Eles poderiam se despedir falando de amor, mas após um longo silêncio, “Her Majesty” surge por descuido em apenas 23 segundos. Mas considerando o calor do momento e o fato de que “The End” é descrita como última faixa oficialmente, consideramos esta como o epitáfio dos Beatles. Nas gravações reveladas recentemente, o grupo ainda planejava gravar mais um álbum após o Abbey Road. E por incrível que pareça, John Lennon – diversas vezes apontado como o responsável pelo fim da banda – é quem estimula os colegas a trazerem singles para um novo trabalho. Sabemos que nada disso foi pra frente. Seis dias depois, John anuncia oficialmente sua saída da banda.
Amor é velho, amor é novo
Para aqueles que se dedicam a estudar suas obras, Abbey Road pode não ser o melhor ou mais revolucionário dos Beatles – totalmente compreensível. Como foi dito anteriormente, o quarteto já havia experimentado, criado e incrementado em sete anos (que pareciam setenta) tudo que a música poderia oferecer e claro que finalizaram sua carreira de forma polida. Fim dos Beatles? Hoje sabemos que é impossível falar disso.

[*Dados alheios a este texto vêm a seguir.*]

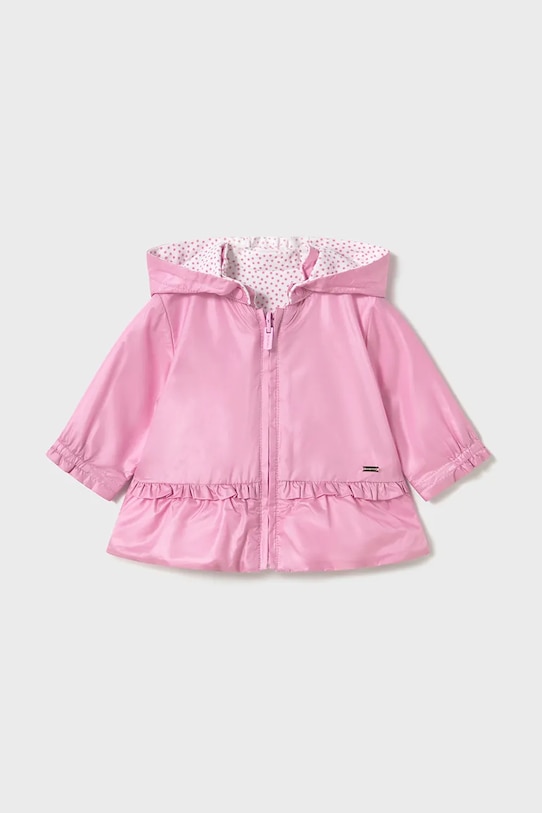 Двусторонняя детская куртка Mayoral Newborn с капюшоном розовый 1479.2P.Newborn.PPYH
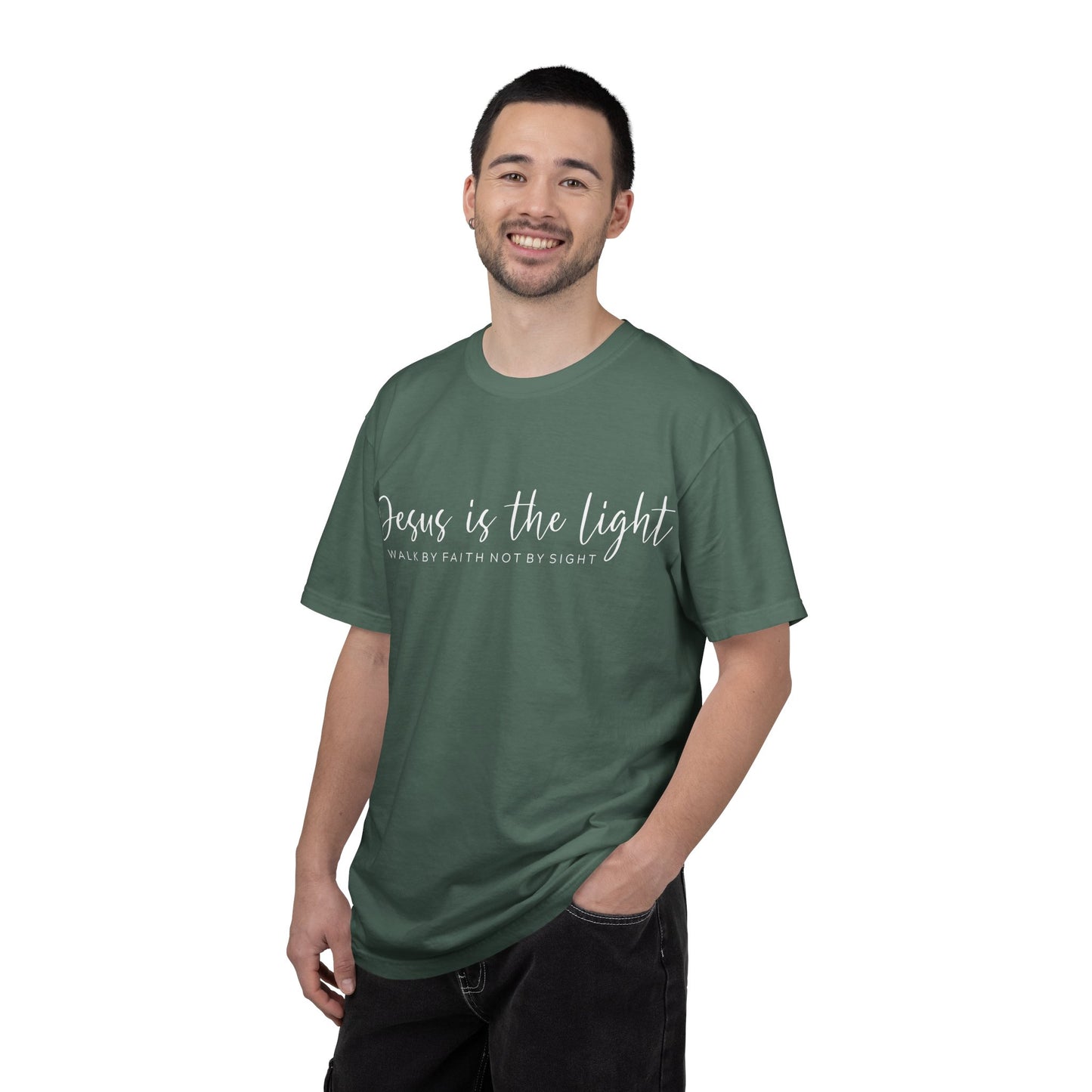 Jesus Is the Light T-Shirt — "Walk by Faith Not by Sight" Christian Tee- comfort colors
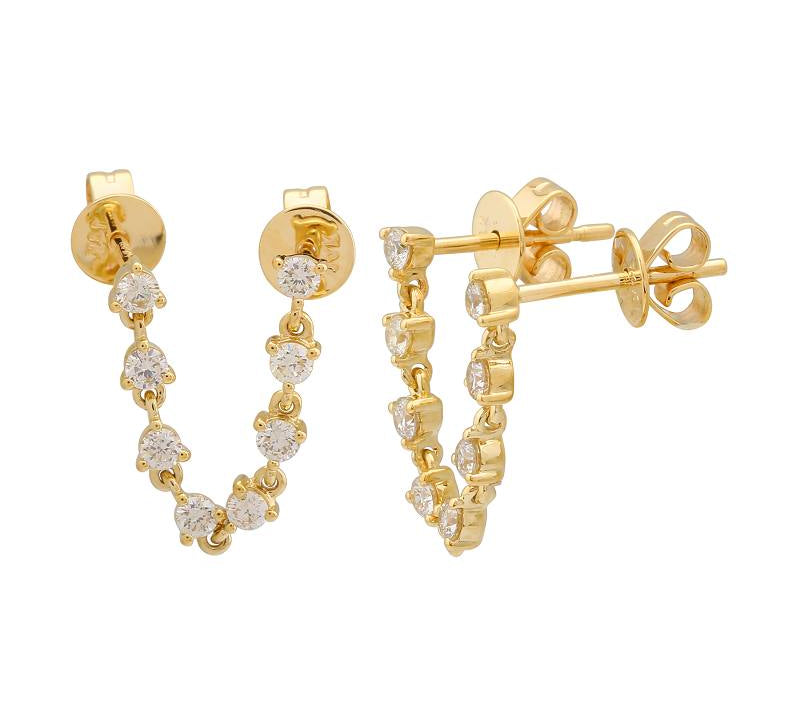 Gold Mini Diamond Connecting Earrings - 14KT Gold - Monisha Melwani Jewelry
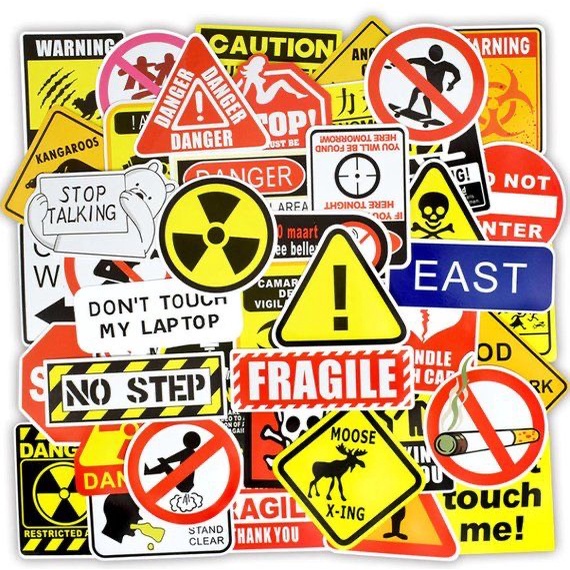 Bộ 200 sticker chủ đề BIỂN BÁO CỔ ĐIỂN dùng để trang trí điện thoại di động/ván trượt/vali không để lại dấu keo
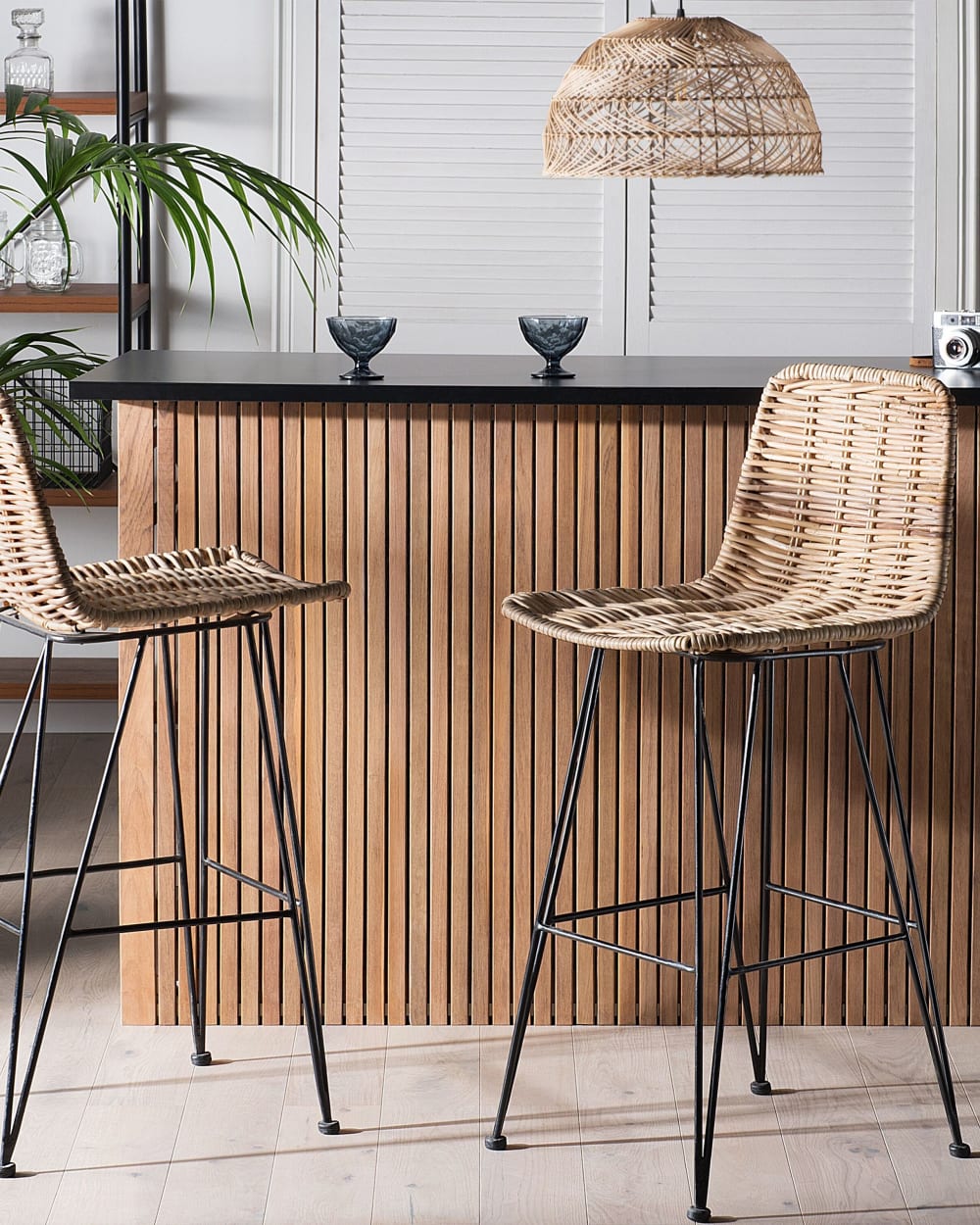 Lot de 2 chaises de bar rotin naturel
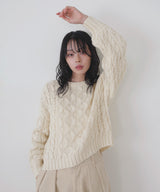 【11月中旬予約商品】バルキータッチケーブルニット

Este texto poderia facilmente se estender por mais quatro páginas de elogios aos Beatles e mostrando porque eles são eternos. Também poderia pontuar como o Abbey Road é uma despedida inovadora e única, mas qualquer enaltecimento ficaria repetitivo. Os fatos não deixam mentir, basta saber que milhares de pessoas se arriscam em uma das ruas mais movimentadas de Londres para imitar os passos que o quarteto fez em uma sessão de fotos que não durou nem dez minutos.
Abbey Road não foi o fim. Foi o começo de um legado que já conhecemos muito bem. Um obra prima única que, meio século depois, não foi ofuscada por nenhuma outra banda nem pelos próprios Beatles. E esse é o melhor jeito do quarteto de Liverpool se despedir sem dizer adeus.